Franco Alfano’s Cyrano de Bergerac makes for a nice show but it’s not surprising that it’s not standard repertoire.
The San Francisco Opera production, imported from the Theatre du Chatelet, is perfectly appropriate to the time frame of 1619-1655, the lifespan of the historical Savinien de Cyrano de Bergerac. Swords are swords and muskets are muskets. The stage action actually begins several minutes before the music starts, as we see the reverse side of the curtain at the theater of the Hotel de Bourgogne, with stagehands preparing the various props that will be used in the performance-within-the-opera. The curtain goes up, we see the theater-goers at the rear of the stage, and we see the back side of the “clouds” that are drawn across the stage. Montfleury arrives in a fantastic airborne chariot, but it’s a 17th-century fantasy, not a 21st-century fantasy. The bakery of Act II Scene 1 is a rather industrial-scale bakery, with a baker at the second-story level mixing his ingredients in a gigantic copper bowl, while other bakers arrange 3-foot-tall loaves of bread, baked in the shape of human figures, for glazing. Scene 2 brings us Roxane’s home and balcony, perfectly represented in “stone.”
Act III, following the single intermission, presents what appears to be the interior of the fort that is under siege by the Spanish forces. Although the cadets are supposed to be the ones laying siege to Arras, they are the ones that are starving, and the well-fed, well-dressed, vigorous Spanish forces are the ones that come over the wall and massacre the cadets, somehow missing Cyrano as they perform the coup de grace on the fallen bodies. Only in Act IV do we see something not quite authentic. The stage is dominated by a large tree that looks more like a tree than do the aluminum creations in the Werther production of a few weeks ago. Left with only a few large brown leaves, it manages to look more artificial and less real than anything else we've seen so far.
These performances are rumored to be Placido Domingo’s final appearance onstage at San Francisco Opera. His voice remains strong and clear and gives no evidence of being ready for retirement. Ainhoa Arteta (from the Basque region of Spain) as his Roxane was also outstanding. Her Christian, Thiago Arancam (from Brazil) started with a rather pinched, strained tenor that improved through the afternoon. Our star-to-be, Leah Crocetto, had one small and one miniscule role as Lisa and Lay Sister respectively; I continue to hope to hear her in larger roles.
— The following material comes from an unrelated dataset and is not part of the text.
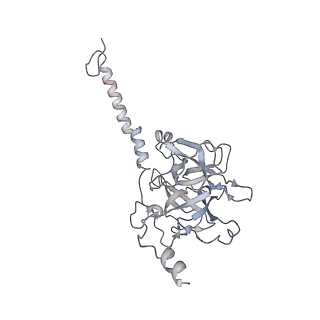35823_8iyj_F_v1-0
Cryo-EM structure of the 48-nm repeat doublet microtubule from mouse sperm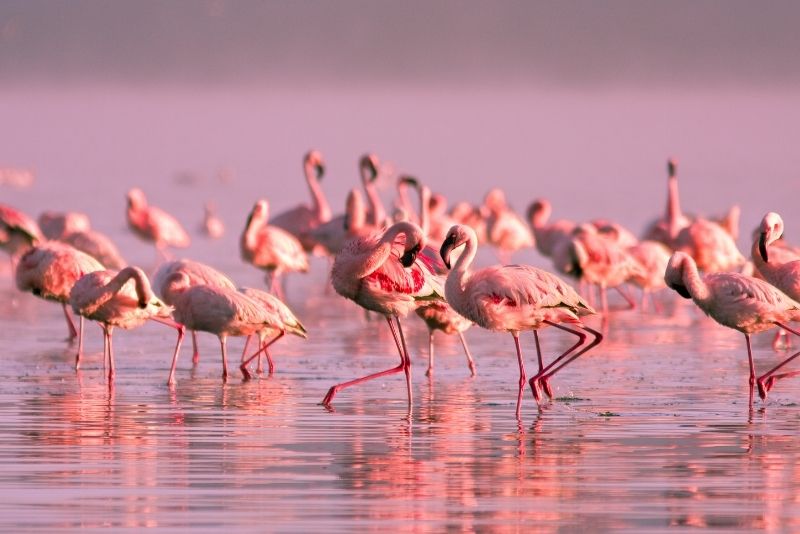 Flamingo Pond, Turks and Caicos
The production was magnificent, the singers rose to the occasion, but the music rarely did. A great opera does not have to have hummable, take-home-with-you big tunes to make an impact, but here the music does not make much of an impact. Yes, the final minutes, where Roxane comes to understand that it is the “ugly” Cyrano who had penned all of those wonderful letters from Christian, are quite moving, but the remainder is undistinguished. Perhaps if he had gotten lucky at just one point in his career, we might mention the name of Alfano in the same breath as Leoncavallo and Mascagni, but he didn’t and we don’t. A beta, on the strength of the production and the performances.